The OSCE roadmap is the initiative of the Swiss chairmanship exclusively, and not the state members of the organisation. It was not accorded with Ukraine and other parties of the Geneva process (aside from Russia), and does not have official status (which is why it was not publicised officially).

Our state greets the efforts of the Swiss chairmanship to find a way to normalise the situation and considers the OSCE a key organisation which is able to engage in this process constructively. However, we clearly state that we see the Swiss chairmanship’s roadmap as one of the possible helping initiatives in the process of normalising the situation in the east of Ukraine. Individual points of this initiative may have additional value; however, they cannot replace a full-fledged negotiations process within the frameworks of the Geneva format. Aside from this, some points require significant additional work, and some have already lost their relevance.

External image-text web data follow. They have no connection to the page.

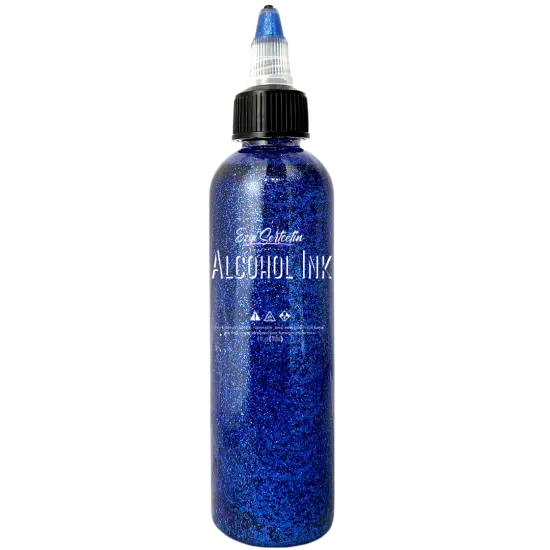 Premium Alcohol Ink | Metallic and Vibrant | High Saturated Unique Colors | For Tumblers, Coasters, Resin Dye, Alcohol Ink Paper, Yupo, Resin Petri Dish | 4 oz by volume | by Ezgi Sertcetin Glitter royal blue {1}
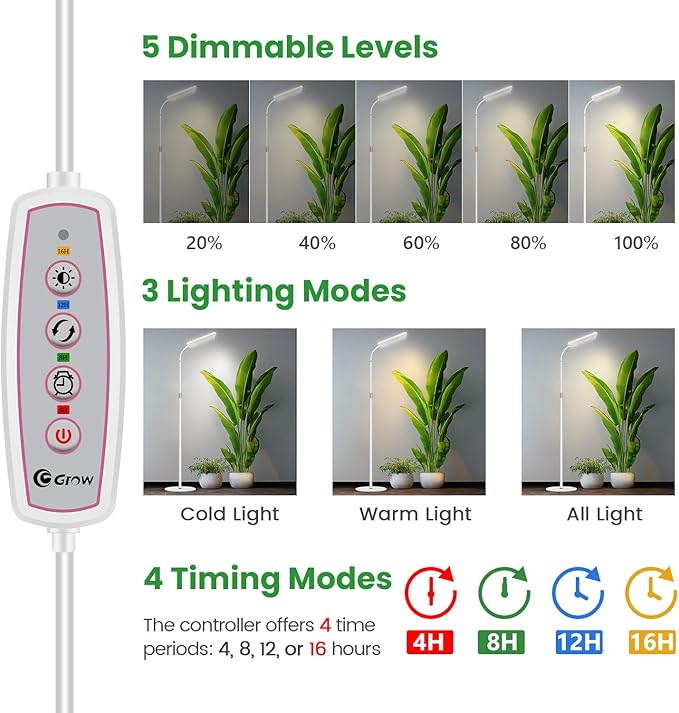 Wiaxulay Grow Lights for Indoor Plants, 153 LED Full Spectrum Plant Grow Light Floor Standing, Height Adjustable 24-68 in,4/8/12/16H Timer,3 Lighting Modes,5 Brightness for Growing Large Tall Plants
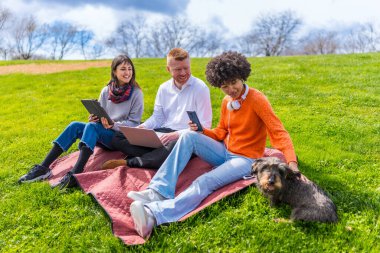 Üç öğrenci, köpekleriyle birlikte parkta bir battaniyede dinlenirken elektronik aletler kullanıyor.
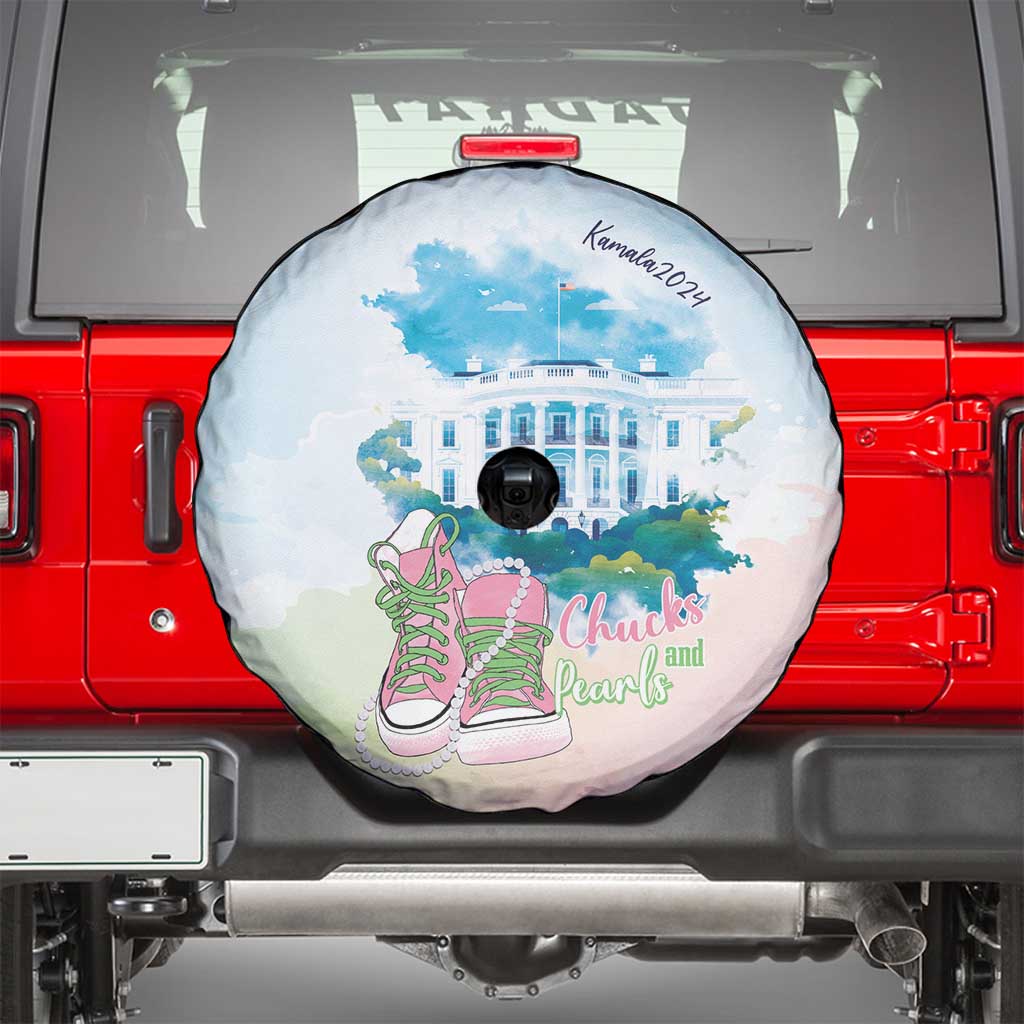 Chucks N Pearls 2024 Spare Tire Cover Pink Green Rocking The World - Wonder Print Shop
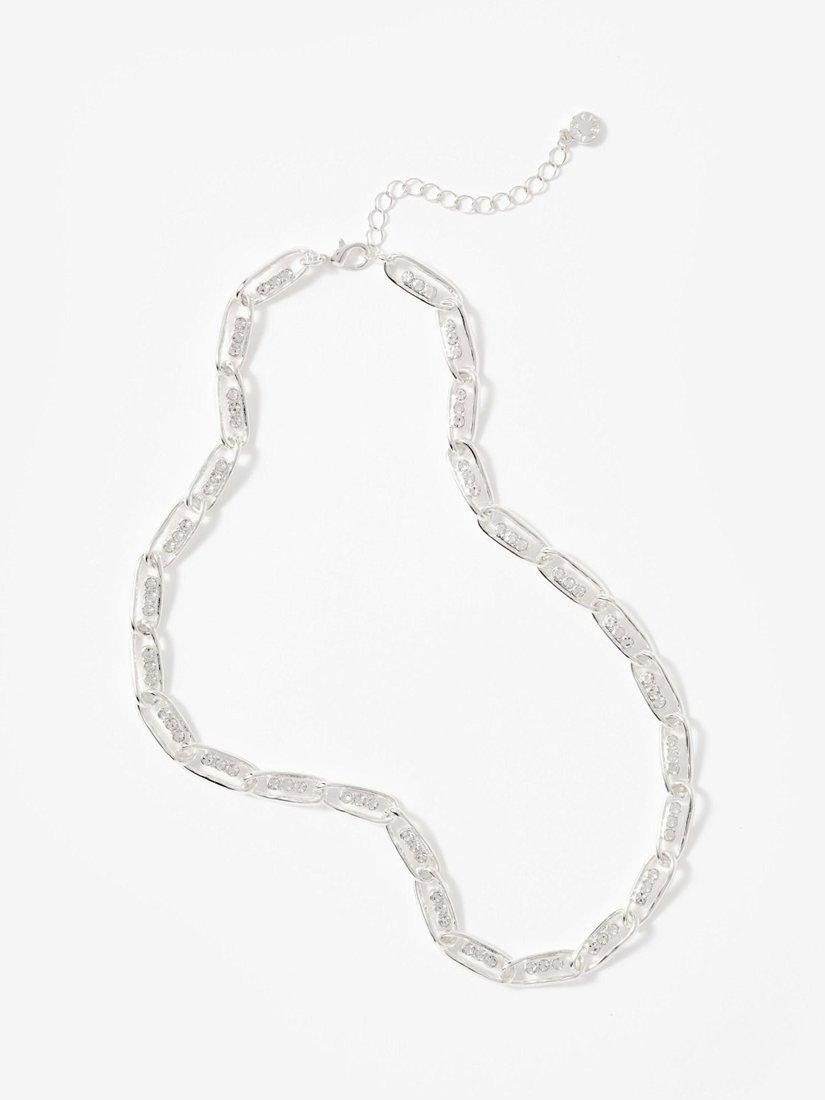 Product image 2 of 3, which shows Mint Velvet Pave Chain Necklace, Silver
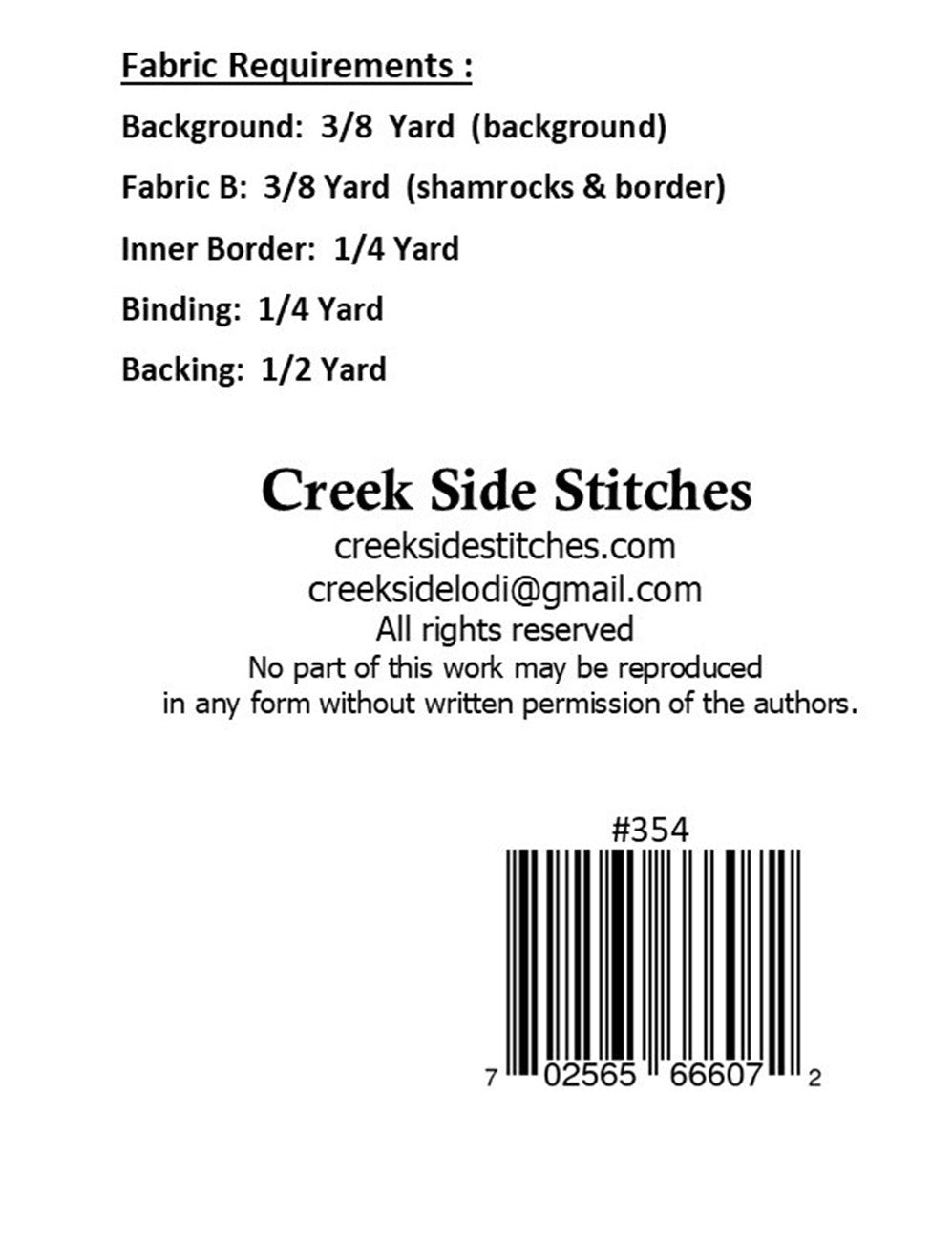 Back of the Dancing Shamrocks Quilt Pattern by Creek Side Stitches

All instances of citing this roadmap and Russia’s recommendations of it Russia are attempts to distance themselves from the Geneva process in de-escalating the situation in the east of Ukraine, deny the responsibility for the current development of events, and exclude Ukraine from the decision-making process.

The base agreements regarding the de-escalation of the situation in East Ukraine is the Geneva memorandum, approved on April 17th, 2014, which includes clearly defined obligations of the parties, and which was supported by all participants of the Geneva format. Also, a search for ways to implement the peace plan of Ukrainian President P. Poroshenko in regulating the situation in Eastern Ukraine within the frameworks of the contact trilateral groups, which include representatives of Ukraine, the RF, and the OSCE, is underway today.

Ukraine’s practical steps to carry out the Geneva Agreements have received positive evaluations on part of the EU and the US. Our country has also expressed its readiness to hold a second Geneva meeting numerous times. Meanwhile, the perspective of normalisation, it seems, does not suit the Russian Federation, which is stagnating this process. In contrast, the Russian Federation has doubled its efforts in supporting terrorist groups in Donetsk and Luhansk oblasts. The crossing of the state border from the Russian side by heavy military equipment, including tanks, and the uninterrupted flow of mercenaries onto our territories testify to the fact that Russia has not refused its aggressive plan regarding Ukraine.